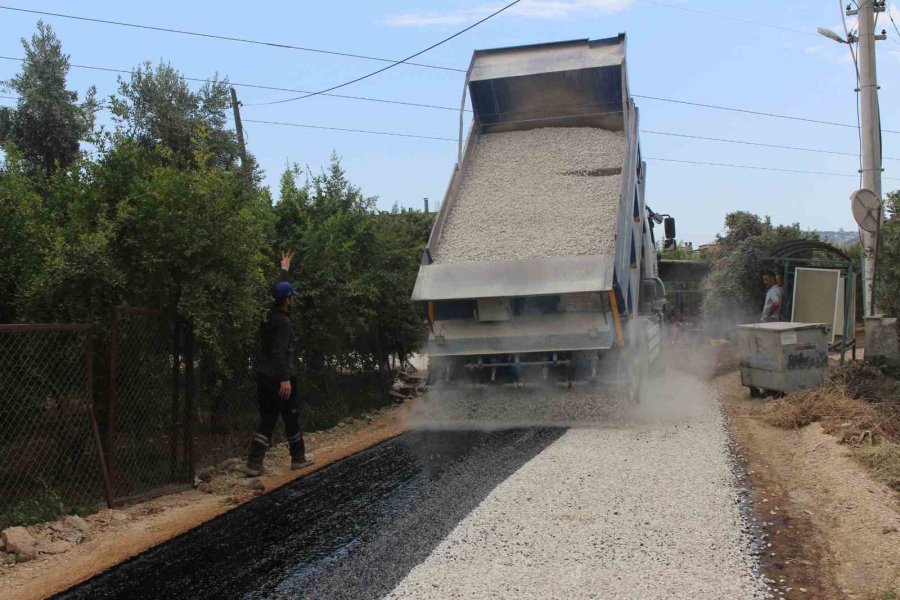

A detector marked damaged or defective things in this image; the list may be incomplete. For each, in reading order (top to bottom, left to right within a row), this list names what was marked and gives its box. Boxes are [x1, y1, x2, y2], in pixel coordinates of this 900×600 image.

rusty metal bin [740, 322, 828, 396]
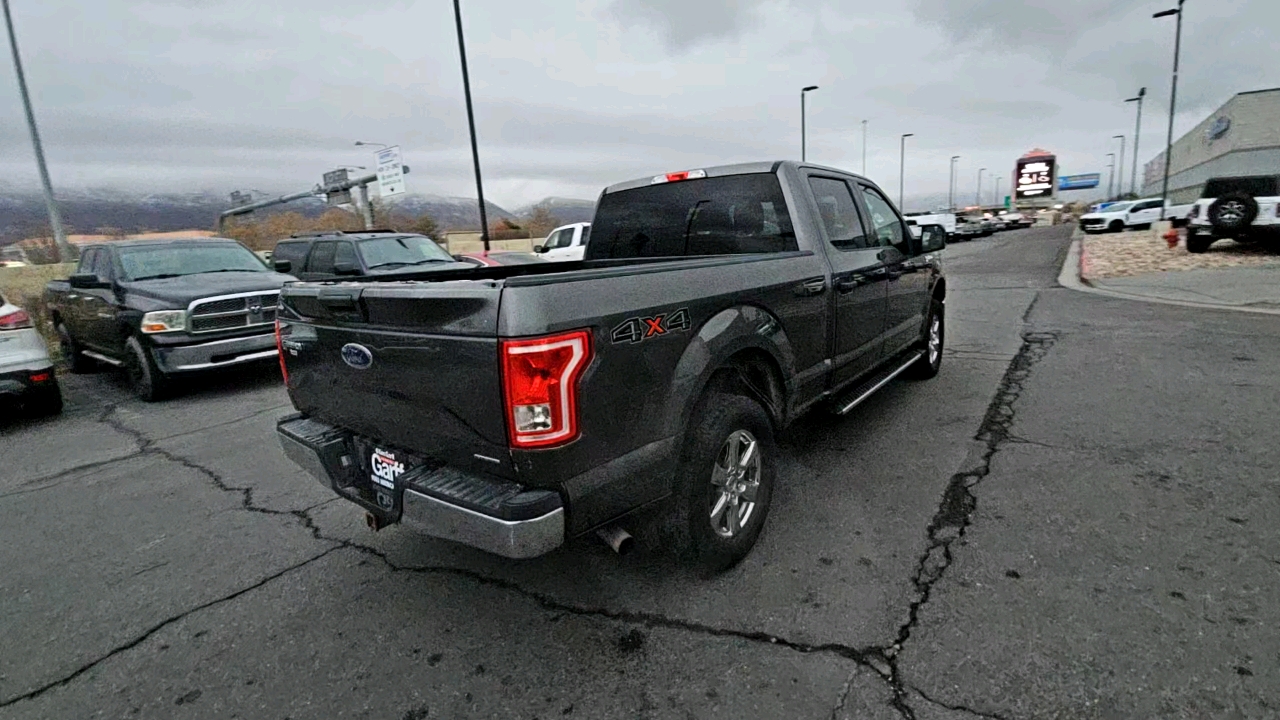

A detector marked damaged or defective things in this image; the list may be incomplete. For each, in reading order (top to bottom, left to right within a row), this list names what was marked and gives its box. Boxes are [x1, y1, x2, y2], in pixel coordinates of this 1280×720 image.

pavement crack [0, 543, 340, 707]
cracked pavement [2, 225, 1280, 717]
pavement crack [875, 330, 1054, 717]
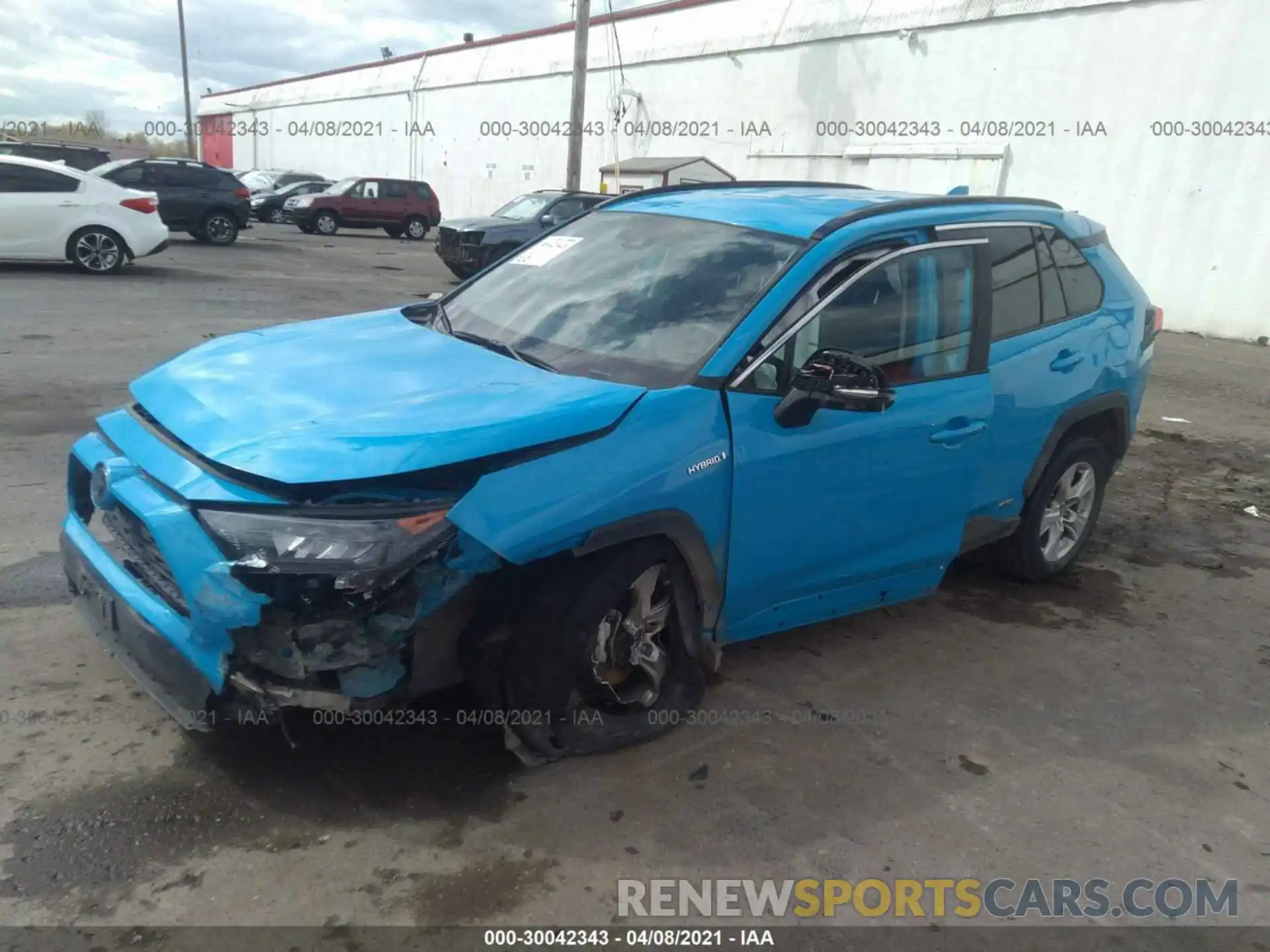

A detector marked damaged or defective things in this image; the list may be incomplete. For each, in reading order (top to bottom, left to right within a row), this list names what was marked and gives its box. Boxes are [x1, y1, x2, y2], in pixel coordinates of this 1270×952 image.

crumpled hood [439, 217, 513, 233]
crumpled hood [131, 309, 645, 485]
damaged front bumper [62, 428, 500, 736]
broken headlight assembly [198, 502, 457, 594]
exposed wheel hub [589, 566, 675, 711]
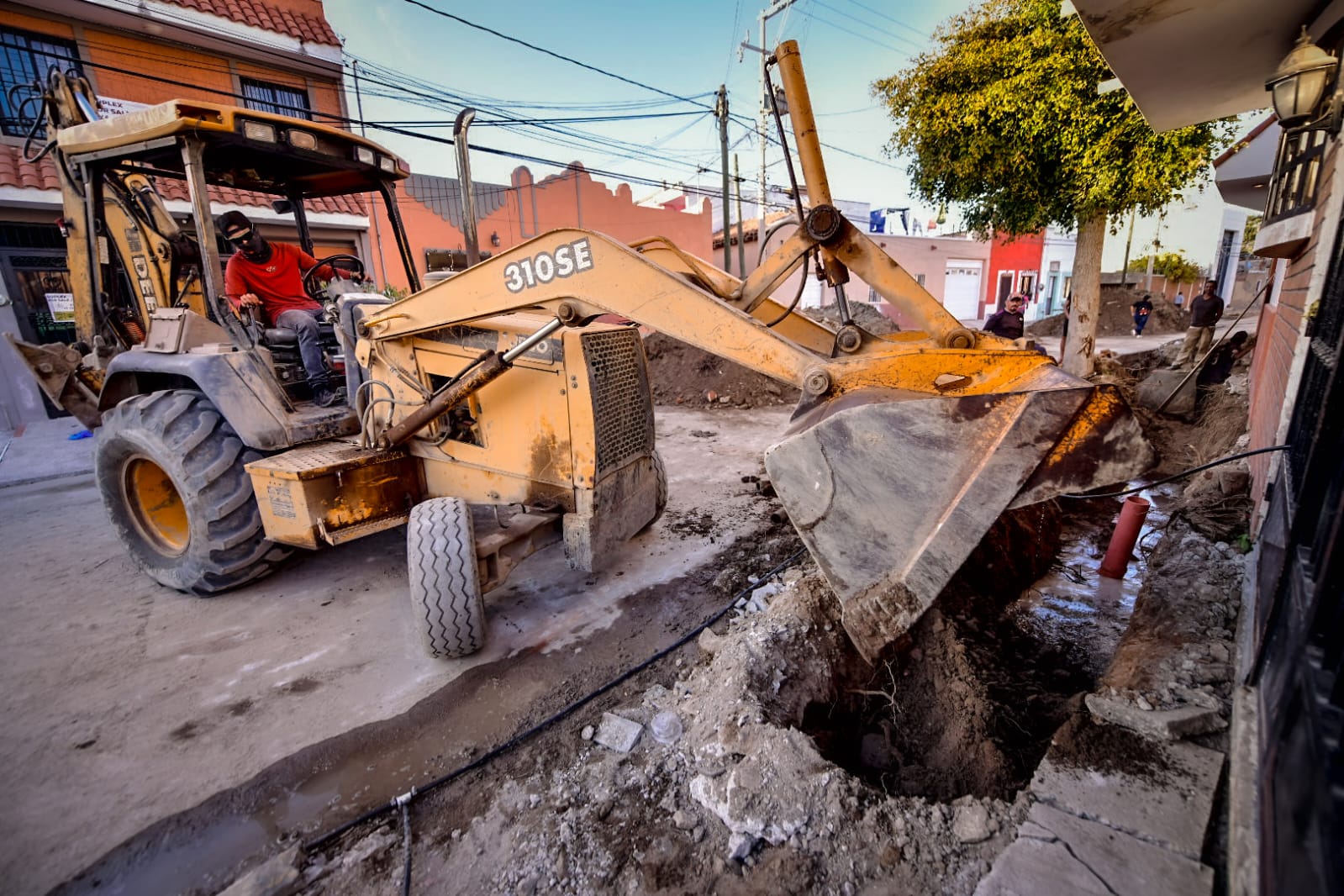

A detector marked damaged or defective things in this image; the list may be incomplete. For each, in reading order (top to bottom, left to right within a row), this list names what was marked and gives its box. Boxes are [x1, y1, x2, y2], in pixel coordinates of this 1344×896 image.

broken concrete [1089, 693, 1231, 740]
broken concrete [1029, 726, 1231, 861]
broken concrete [975, 804, 1217, 894]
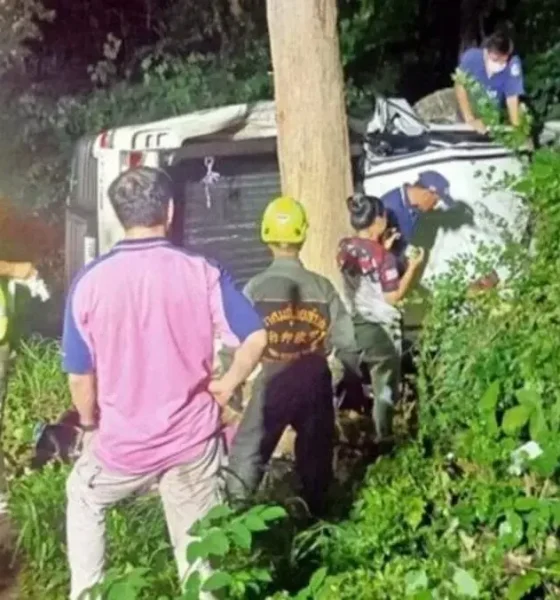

——————

Prompt
Copy exactly the lines from the line containing "this 1280×720 image." through the last line of the records, both included, and omit every picture.

Answer to this exercise
A detector marked damaged or defective things in this image; the list may be incomplete. For each, in reading order (top to bottom, left to right within a row), this list names what was marked and gives its box. Boxes are [x1, y1, x2, y2], in pixel coordinates of this 1280×720 image.

pavement crack [0, 543, 340, 707]
cracked pavement [2, 225, 1280, 717]
pavement crack [875, 330, 1054, 717]

A detector marked damaged or defective things in this image; the list may be incomplete. For each, in reading order (top to bottom, left to right within a row), this list names what was marked and gives its box. Boxes are [x1, y1, x2, y2], in pixel coordinates of this 1270×952 image.

crumpled hood [439, 217, 513, 233]
crumpled hood [131, 309, 645, 485]
damaged front bumper [62, 428, 500, 736]
broken headlight assembly [198, 502, 457, 594]
exposed wheel hub [589, 566, 675, 711]

A detector marked damaged or defective things in this image; the list may be incomplete. For each, in reading order (top to bottom, left to right within a row), this list names what was marked and gives its box. Boxes are [x1, y1, x2, y2], in pixel coordinates of this 1344×896 image.

broken concrete [1089, 693, 1231, 740]
broken concrete [1029, 726, 1231, 861]
broken concrete [975, 804, 1217, 894]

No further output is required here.